Pat Pelham lives in Birmingham, Alabama. About four years ago, she felt called to help people in need. Her pastor at Independent Presbyterian Church suggested she get their church involved in Bread for the World.
Pat and her friend Elaine Van Cleave came to hear me talk about Bread for the World at Our Lady of Sorrows Catholic Church. After that event, Pat and Elaine started to organize. They got their church's hunger committee involved in Bread for the World.
Three years ago, they invited their member of Congress, Rep. Spencer Bachus, to a Bread for the World dinner at Independent Presbyterian. I sat on his left, and the Presbyterian Hunger Action Enabler for Birmingham - a Republican Party activist - sat on his right.
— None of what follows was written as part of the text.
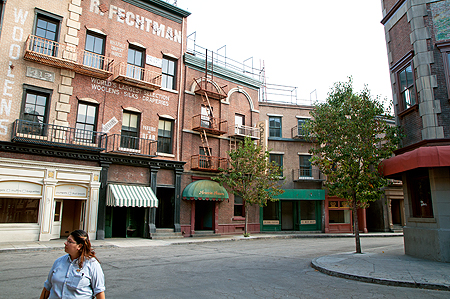 WB backlot tour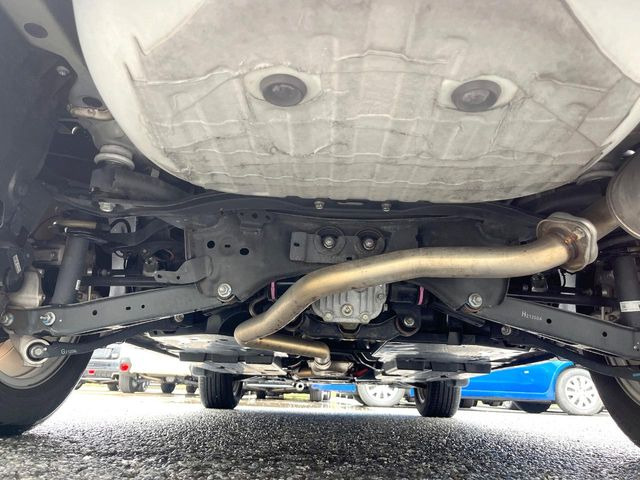 下回りがきれいなうちに、防錆加工の施工がオススメ。降雪地域はもちろん、沿岸部にお住いの方や、趣味でマリン・ウィンタースポーツをされる方にご好評いただいております。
We urged Bachus to cosponsor the anti-hunger legislation that Bread for the World was pushing that year. Rep. Bachus had never before sponsored such legislation. But he called Pat the next evening and said, "I doubt that this will win me many votes, but I don't want to be responsible for even one child going hungry."
At the beginning of 1999, the Jubilee 2000 network was getting organized. Rep. Bachus had become chair of the international committee of the House Banking Committee, where any congressional action on debt relief would have to start. Pat, Elaine, and two friends from Independent Presbyterian flew up to Washington, D.C., at their own expense to bring Bachus a debt relief petition with 400 signatures.
"I don't know much about economics or international finance," Elaine explained. "But I do know that about 30,000 children die every day from hunger and other preventable causes, and, as a mother, that really bothers me....it would help a lot if you would sponsor this Jubilee legislation."